The City Council is charged with approving separately the expenditure of public safety sales tax dollars for a new project, such as the purchase of body cameras, Berry said.
Otherwise, operational expenses “are all done through the regular budgeting process,” Berry said.
Residents of Lawton in 2014 approved a 10-year, 4.25 percent sales tax extension, nearly three-fourths of which will go to fund public safety capital and operating expenses.
Jim Russell, the city’s assistant city manager for administration, said Lawton has a joint citizen/City Council watchdog committee that meets twice a year to review city revenue collections and expenditures.
“But nothing specific to public safety,” Russell said.
City Councilor Karen Gilbert, a key advocate for the permanent public safety tax, said the creation of an oversight committee was discussed during Public Safety Task Force meetings.
“But it is going to go through the regular budget cycle,” Gilbert said. “There are so many eyes on it.”
She also noted that while the Sales Tax Overview Committee is charged with overseeing capital improvement projects, it keeps a close eye on the city’s overall sales tax collections.
Former Fraternal Order of Police President Clay Ballenger played a critical role in getting Tulsa’s public safety tax approved.
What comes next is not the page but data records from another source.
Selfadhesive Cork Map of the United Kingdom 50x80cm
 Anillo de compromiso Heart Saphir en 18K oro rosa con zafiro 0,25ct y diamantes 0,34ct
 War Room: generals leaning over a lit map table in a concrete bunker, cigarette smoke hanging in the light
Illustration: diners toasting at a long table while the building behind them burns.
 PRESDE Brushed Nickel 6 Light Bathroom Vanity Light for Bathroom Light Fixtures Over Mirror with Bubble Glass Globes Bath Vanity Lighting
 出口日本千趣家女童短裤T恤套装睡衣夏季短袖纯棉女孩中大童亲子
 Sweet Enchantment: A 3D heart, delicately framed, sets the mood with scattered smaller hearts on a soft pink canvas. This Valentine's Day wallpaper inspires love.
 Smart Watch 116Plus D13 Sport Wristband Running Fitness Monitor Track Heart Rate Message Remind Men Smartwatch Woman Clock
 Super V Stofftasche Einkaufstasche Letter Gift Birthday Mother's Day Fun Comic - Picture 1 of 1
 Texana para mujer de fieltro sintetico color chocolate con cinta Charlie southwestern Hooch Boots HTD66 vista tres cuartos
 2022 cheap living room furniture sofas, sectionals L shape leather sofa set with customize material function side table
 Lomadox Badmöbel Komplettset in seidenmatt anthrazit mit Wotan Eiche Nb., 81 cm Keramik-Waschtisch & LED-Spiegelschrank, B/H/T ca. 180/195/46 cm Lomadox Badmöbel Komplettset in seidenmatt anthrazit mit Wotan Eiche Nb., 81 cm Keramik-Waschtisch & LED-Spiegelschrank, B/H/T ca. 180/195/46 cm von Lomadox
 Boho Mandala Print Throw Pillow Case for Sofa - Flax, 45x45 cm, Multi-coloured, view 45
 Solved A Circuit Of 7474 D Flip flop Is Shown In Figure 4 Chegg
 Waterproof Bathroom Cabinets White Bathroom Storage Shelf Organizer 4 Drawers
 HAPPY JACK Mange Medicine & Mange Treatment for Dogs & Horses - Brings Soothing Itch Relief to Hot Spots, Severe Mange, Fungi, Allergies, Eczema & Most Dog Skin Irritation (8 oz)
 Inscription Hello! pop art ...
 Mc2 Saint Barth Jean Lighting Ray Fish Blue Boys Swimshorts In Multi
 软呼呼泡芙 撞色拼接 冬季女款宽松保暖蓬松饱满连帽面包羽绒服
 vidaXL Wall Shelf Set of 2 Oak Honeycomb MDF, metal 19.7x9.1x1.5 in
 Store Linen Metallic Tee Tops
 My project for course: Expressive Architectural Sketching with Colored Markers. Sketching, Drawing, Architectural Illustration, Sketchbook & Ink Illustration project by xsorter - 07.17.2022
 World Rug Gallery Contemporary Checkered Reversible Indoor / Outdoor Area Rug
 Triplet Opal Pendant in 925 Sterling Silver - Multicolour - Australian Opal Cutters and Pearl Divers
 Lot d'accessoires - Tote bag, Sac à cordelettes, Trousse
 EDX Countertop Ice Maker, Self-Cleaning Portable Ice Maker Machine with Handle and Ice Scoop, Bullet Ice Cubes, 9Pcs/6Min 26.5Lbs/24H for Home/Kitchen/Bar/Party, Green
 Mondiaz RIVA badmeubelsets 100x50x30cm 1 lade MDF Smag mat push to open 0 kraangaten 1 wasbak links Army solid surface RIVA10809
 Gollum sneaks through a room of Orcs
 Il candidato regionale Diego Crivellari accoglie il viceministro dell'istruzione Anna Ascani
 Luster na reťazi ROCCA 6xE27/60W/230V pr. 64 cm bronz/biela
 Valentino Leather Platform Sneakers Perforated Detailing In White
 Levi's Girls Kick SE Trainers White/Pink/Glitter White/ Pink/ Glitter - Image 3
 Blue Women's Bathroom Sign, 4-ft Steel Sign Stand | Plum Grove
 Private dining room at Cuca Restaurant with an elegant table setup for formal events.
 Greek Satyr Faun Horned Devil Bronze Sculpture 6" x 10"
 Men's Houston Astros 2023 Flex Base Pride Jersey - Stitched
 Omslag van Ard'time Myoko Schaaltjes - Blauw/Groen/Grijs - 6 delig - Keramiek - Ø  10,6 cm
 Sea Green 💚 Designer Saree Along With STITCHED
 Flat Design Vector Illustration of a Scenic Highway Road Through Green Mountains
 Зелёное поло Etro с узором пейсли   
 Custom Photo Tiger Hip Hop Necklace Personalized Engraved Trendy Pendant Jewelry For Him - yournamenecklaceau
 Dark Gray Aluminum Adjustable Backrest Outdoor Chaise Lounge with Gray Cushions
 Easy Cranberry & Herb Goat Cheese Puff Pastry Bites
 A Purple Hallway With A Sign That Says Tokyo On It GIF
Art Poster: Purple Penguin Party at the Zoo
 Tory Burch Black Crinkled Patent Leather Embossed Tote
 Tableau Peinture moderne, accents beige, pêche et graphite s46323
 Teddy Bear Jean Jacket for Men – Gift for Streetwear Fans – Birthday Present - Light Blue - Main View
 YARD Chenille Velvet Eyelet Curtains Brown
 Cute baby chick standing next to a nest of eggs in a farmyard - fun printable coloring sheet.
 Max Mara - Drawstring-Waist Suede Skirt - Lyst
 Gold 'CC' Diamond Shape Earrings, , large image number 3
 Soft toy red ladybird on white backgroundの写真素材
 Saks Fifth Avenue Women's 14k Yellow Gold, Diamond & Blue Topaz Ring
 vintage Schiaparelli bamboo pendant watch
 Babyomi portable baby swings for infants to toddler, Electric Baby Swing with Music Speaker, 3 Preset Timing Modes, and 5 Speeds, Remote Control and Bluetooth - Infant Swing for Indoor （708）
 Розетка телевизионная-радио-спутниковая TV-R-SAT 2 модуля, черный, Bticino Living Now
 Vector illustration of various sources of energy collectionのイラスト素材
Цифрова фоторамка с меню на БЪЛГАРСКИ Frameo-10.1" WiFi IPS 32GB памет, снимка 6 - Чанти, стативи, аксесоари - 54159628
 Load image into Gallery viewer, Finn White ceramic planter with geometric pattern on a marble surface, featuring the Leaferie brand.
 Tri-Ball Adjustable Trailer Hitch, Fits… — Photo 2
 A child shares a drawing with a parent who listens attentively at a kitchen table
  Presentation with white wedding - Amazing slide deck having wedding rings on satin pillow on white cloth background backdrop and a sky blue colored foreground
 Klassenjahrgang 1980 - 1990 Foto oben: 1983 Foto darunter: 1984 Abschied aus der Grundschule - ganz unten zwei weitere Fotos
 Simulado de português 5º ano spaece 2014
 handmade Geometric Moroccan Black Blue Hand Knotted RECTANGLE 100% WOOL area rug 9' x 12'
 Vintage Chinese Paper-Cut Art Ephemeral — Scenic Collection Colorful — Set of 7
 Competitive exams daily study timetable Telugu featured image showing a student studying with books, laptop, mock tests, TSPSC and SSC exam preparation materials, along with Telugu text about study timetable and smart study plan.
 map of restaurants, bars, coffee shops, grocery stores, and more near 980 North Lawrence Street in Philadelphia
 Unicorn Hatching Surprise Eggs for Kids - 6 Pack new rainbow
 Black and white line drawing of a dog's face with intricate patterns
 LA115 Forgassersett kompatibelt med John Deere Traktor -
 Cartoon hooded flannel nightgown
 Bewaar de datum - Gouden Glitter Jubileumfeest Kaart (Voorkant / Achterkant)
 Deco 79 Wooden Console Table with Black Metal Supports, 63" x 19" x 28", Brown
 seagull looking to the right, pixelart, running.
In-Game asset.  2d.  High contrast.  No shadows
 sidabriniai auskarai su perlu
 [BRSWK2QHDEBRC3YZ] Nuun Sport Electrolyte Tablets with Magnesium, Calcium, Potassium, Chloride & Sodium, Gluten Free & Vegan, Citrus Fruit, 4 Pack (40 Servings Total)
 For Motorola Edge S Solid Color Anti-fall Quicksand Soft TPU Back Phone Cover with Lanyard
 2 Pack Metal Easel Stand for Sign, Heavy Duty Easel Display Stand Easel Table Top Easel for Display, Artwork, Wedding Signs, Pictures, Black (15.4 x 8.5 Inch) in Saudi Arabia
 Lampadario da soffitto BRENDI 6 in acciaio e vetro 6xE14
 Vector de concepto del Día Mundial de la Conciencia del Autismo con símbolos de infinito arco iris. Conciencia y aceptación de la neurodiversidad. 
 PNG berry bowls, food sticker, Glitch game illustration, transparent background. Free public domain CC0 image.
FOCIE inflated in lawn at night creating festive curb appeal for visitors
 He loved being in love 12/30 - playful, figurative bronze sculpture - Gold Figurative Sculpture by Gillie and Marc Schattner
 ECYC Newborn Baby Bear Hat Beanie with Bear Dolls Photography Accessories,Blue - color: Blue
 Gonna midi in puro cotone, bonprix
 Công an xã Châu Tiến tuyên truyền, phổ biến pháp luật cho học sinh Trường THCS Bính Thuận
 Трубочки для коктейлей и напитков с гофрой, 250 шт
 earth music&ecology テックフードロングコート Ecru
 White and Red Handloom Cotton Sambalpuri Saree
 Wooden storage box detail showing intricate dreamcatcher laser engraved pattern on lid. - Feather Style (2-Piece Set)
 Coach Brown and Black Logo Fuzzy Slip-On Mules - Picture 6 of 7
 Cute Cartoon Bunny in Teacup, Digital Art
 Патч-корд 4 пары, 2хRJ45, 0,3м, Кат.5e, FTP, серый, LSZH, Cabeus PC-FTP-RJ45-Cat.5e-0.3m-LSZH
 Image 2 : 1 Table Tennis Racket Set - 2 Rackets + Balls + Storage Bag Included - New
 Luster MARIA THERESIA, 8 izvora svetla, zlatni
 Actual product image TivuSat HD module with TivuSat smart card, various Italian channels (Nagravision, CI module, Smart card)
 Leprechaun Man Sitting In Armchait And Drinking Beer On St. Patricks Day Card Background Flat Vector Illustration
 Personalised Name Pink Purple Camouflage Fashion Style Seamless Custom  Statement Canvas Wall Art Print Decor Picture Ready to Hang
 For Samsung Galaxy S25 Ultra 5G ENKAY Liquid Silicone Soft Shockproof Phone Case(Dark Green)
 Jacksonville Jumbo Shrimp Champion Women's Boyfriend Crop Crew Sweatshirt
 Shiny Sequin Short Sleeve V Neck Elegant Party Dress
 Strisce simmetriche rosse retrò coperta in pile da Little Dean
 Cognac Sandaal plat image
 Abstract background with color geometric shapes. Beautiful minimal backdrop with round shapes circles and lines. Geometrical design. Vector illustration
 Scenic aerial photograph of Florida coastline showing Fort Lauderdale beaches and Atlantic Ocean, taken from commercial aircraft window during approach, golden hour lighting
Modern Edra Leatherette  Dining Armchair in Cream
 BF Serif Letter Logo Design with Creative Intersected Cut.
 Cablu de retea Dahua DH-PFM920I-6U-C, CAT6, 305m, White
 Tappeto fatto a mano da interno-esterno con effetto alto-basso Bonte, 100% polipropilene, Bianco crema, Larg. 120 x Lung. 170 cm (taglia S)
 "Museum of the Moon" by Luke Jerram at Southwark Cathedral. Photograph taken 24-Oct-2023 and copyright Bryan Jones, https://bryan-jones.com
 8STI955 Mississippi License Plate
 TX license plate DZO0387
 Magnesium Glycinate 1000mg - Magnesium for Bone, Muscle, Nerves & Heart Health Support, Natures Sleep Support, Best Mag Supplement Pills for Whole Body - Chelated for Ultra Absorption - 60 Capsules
He said he’s mentioned the possible creation of an oversight committee previously and is still open to the idea.
“I think it depends on the makeup of it, who is selected,” he said. “It’s not too late to set up a process for how they are designated.”
City spokeswoman Kim MacLeod said that the city has no plans to create a citizens oversight committee for the public safety and transportation/street maintenance operations taxes.
Sales Tax Overview Committee
The purpose of the committee is “to review and report upon the expenditures of third-penny capital improvements sales tax revenues as set forth by city ordinances and the expenditure of any funds derived from the sales of general obligation capital improvements bonds,” according to the city of Tulsa’s website.
The full committee meets once a month. The STOC’s two subcommittees each meet once a month. The STOC reports to the City Council once a month.
Each of the city’s nine city councilors recommends two people from his or her district to serve on the committee; the mayor recommends three members. Members must be qualified to vote in the city of Tulsa and cannot be an elected public official.
Members are confirmed by the City Council and serve four-year terms.
STOC members include Vanessa Hall-Harper, Rhonda Hinrichs, Diane Peacock, Robert Webber, Karen O’Brien, Gregory Vosberg, David Cordell, Ashley Webb, Elaine Riddle, Cassidy Fahler, Ida Ivey, Charlotte Frazier, Steven Roemerman, Kraig McFarland, William Colvard, Cameron MacLeod, Richard Wilson, Douglas Turner, Melody Phillips, Dana Hutton, Karen Langdon.